"""
DATA 2027 · Lab 4 — semantic operators. THIS is the file you edit.

You implement three operators with statistical contracts, plus the plan and
cost machinery your optimizer needs to choose between candidate executions:

    sem_filter(sim, rows, predicate, target_precision=0.95, plan=None)
    sem_join(sim, left, right, predicate, budget=None, plan=None)
    sem_topk(sim, rows, criterion, k, plan=None)

"rows" / "left" / "right" are lists of dicts as produced by csv.DictReader
over reviews.csv / products.csv (call load_csv below). All model access goes
through the provided Simulator; the ledger it carries is the only meter the
grader trusts, so never instantiate a second Simulator mid-pipeline.
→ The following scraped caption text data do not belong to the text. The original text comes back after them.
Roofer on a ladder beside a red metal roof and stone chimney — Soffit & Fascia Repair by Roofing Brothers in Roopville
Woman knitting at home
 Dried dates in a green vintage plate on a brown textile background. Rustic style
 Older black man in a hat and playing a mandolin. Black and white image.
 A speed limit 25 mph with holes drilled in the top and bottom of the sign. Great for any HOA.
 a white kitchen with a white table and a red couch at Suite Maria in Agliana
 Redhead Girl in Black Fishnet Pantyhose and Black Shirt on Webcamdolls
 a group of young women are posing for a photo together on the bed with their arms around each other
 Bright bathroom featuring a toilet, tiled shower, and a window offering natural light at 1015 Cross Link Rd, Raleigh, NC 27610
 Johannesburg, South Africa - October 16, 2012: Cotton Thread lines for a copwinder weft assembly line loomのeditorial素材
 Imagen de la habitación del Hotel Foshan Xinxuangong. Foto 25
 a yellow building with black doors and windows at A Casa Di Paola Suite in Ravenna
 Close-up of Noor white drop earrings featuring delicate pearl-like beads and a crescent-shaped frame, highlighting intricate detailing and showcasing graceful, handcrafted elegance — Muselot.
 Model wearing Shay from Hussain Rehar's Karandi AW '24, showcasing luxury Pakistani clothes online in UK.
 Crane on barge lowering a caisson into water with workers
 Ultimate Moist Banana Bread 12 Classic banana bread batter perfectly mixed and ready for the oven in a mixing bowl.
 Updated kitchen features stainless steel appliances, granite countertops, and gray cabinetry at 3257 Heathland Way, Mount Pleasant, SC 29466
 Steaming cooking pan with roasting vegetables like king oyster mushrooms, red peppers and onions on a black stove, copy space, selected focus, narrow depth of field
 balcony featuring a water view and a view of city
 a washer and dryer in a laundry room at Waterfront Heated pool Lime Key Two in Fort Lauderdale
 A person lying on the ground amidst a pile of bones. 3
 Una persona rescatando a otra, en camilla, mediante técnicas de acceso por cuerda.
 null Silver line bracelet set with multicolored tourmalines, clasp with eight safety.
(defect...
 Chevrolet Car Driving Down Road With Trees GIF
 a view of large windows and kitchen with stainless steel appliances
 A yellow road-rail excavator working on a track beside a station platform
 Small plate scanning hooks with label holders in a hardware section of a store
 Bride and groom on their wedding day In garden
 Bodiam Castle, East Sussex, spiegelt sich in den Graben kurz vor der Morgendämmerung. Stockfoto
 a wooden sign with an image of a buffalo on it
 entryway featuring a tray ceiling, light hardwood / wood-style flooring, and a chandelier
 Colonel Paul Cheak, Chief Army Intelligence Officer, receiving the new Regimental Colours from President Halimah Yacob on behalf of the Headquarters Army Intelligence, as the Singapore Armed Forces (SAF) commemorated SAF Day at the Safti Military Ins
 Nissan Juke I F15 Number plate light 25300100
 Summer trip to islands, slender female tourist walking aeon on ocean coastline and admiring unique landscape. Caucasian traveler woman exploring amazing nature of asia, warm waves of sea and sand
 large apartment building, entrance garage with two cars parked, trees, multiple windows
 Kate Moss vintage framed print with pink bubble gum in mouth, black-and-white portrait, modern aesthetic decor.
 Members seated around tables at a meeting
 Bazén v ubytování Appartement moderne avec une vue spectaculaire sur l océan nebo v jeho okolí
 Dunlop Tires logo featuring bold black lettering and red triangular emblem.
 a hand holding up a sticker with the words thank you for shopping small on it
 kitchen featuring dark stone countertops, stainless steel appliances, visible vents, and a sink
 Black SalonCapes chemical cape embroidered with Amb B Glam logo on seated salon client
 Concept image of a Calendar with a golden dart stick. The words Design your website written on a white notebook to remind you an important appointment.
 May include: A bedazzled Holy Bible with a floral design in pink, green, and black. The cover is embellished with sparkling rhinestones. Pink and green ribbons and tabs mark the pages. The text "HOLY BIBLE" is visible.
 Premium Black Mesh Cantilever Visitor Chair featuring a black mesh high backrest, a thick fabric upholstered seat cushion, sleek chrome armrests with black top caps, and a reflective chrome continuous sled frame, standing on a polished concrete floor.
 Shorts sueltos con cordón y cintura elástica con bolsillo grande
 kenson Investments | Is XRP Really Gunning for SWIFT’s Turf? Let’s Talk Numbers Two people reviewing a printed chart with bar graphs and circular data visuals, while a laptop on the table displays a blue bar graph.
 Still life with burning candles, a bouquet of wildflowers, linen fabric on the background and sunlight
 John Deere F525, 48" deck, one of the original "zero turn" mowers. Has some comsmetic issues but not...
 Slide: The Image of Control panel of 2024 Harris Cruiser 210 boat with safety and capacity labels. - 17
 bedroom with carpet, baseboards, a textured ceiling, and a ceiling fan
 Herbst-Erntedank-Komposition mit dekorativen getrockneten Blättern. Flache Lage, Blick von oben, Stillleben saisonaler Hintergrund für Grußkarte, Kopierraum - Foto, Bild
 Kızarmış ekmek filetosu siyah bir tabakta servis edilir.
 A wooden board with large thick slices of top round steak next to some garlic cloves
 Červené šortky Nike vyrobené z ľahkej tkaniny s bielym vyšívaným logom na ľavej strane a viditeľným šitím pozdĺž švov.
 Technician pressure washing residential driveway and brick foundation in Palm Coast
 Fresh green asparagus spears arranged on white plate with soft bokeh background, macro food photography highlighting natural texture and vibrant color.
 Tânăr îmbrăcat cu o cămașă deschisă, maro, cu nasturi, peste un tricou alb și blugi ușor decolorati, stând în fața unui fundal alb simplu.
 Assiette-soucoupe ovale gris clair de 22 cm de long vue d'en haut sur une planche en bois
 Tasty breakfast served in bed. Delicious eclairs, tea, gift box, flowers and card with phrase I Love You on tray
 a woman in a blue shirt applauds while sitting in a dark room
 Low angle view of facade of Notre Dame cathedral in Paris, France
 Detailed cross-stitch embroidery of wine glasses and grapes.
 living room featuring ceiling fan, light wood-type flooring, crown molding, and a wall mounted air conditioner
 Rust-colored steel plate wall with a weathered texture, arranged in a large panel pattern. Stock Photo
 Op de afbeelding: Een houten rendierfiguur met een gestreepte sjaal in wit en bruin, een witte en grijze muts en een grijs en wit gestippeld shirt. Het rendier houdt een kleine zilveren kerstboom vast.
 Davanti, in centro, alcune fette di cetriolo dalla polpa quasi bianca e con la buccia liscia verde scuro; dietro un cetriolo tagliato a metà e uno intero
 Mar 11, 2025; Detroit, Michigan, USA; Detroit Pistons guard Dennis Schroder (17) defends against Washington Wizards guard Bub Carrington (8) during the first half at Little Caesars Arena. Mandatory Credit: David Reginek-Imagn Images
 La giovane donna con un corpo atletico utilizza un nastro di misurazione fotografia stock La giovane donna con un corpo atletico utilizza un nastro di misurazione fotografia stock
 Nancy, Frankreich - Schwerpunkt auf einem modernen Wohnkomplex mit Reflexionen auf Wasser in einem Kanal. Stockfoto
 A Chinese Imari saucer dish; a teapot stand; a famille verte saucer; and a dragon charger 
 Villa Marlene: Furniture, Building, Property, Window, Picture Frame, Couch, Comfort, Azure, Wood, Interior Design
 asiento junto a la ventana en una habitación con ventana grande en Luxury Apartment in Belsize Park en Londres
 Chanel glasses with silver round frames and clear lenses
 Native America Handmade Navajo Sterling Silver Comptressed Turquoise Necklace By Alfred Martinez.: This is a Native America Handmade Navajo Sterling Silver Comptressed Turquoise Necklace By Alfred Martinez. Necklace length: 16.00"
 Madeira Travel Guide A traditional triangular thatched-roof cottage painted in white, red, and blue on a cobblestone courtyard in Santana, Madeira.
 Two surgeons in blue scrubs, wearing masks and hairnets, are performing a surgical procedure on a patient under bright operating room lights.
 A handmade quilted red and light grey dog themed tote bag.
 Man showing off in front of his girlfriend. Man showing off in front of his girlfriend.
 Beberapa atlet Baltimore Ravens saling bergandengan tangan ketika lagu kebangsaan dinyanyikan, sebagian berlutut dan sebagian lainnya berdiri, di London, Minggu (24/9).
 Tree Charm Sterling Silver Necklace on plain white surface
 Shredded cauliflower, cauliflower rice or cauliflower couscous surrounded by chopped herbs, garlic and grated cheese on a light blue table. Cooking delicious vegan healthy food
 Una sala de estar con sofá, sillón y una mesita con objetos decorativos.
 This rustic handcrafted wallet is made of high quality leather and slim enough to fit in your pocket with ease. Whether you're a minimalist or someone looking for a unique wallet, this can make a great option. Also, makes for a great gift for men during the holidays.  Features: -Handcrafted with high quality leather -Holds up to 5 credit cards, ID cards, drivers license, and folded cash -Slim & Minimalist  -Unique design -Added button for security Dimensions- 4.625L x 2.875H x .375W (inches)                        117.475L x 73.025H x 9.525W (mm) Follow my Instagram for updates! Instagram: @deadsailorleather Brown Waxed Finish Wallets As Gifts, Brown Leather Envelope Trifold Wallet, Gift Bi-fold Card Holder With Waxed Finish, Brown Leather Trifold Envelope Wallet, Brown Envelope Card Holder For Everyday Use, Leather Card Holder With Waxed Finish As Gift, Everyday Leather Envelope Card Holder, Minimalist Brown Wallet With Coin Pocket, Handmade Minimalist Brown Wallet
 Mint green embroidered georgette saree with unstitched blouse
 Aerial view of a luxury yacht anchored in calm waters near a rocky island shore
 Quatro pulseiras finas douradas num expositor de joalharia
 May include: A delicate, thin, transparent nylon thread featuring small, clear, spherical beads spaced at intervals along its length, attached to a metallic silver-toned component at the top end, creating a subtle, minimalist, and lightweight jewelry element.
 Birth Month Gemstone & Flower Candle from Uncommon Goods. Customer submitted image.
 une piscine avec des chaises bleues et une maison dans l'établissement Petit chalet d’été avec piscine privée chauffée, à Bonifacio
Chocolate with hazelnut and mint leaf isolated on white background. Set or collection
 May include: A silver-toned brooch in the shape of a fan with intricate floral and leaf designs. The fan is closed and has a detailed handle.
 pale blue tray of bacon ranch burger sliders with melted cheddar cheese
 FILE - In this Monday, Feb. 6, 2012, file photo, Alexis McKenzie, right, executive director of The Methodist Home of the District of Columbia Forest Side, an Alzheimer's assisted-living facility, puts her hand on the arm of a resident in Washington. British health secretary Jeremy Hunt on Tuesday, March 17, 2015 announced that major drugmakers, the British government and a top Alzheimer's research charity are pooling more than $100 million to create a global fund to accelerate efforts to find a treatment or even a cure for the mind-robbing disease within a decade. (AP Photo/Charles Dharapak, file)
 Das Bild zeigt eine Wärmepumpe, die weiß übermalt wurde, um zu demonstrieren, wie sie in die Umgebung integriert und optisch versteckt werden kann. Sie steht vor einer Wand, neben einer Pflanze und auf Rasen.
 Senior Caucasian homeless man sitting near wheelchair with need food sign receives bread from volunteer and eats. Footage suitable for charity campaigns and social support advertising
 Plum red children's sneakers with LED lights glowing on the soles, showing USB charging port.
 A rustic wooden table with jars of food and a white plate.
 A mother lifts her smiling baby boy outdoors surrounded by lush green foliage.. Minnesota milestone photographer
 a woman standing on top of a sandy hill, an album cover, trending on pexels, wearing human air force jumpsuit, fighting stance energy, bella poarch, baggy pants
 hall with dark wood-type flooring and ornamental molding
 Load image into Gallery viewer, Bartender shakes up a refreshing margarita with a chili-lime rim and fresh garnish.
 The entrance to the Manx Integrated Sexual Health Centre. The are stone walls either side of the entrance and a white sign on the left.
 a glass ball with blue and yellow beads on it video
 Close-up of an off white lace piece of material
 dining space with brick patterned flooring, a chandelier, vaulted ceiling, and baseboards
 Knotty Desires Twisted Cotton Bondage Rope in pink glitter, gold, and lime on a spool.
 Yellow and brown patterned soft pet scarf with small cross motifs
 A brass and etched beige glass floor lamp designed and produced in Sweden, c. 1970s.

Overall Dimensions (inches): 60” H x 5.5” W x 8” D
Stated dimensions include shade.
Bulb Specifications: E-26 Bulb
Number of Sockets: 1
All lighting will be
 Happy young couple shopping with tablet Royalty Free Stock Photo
A NAIVE sem_filter is provided and working: frontier tier, every row, written
order. It is your M1 control arm and your correctness reference — your
cascaded version must match its quality contract, not its bill.

Run the smoke test (needs reviews.csv from make_data.py in the same dir):

    python3 operators_stub.py
"""

from __future__ import annotations

import csv
import math
from dataclasses import dataclass, field
from typing import Any, Optional, Sequence

from simulator import Ledger, Simulator, grade_filter

Row = dict[str, Any]


# ---------------------------------------------------------------------------
# Plan and cost machinery
# ---------------------------------------------------------------------------

@dataclass
class CascadeConfig:
    """Routing thresholds for one predicate. Both taus MUST come out of your
    calibration code (calibrate_thresholds below) — hand-tuned constants are
    a rubric violation and fail the grader's shifted-split re-run."""
    tau_lo: float = 0.0          # score <= tau_lo  -> reject, no model call
    tau_hi: float = 1.0          # score >= tau_hi  -> accept, no model call
    delta: float = 0.05          # per-threshold confidence parameter
    escalate_tier: str = "cheap"     # middle band goes here first
    final_tier: str = "frontier"     # low-confidence residue goes here


@dataclass
class OpConfig:
    """Everything the optimizer decided about one operator instance."""
    op: str                              # "sem_filter" | "sem_join" | "sem_topk"
    predicate: str
    tier: str = "frontier"
    cascade: Optional[CascadeConfig] = None
    blocker_m: Optional[int] = None      # sem_join: keep top-m products / review
    pilot_n: int = 0                     # rows sampled for selectivity estimation


@dataclass
class Plan:
    """An executable plan: operator configs plus an execution order over the
    op names (e.g. ["P2", "P1", "JOIN", "TOPK"]). Serialize it into your
    report; the grader re-executes plans, it does not trust prose."""
    ops: dict[str, OpConfig] = field(default_factory=dict)
    order: list[str] = field(default_factory=list)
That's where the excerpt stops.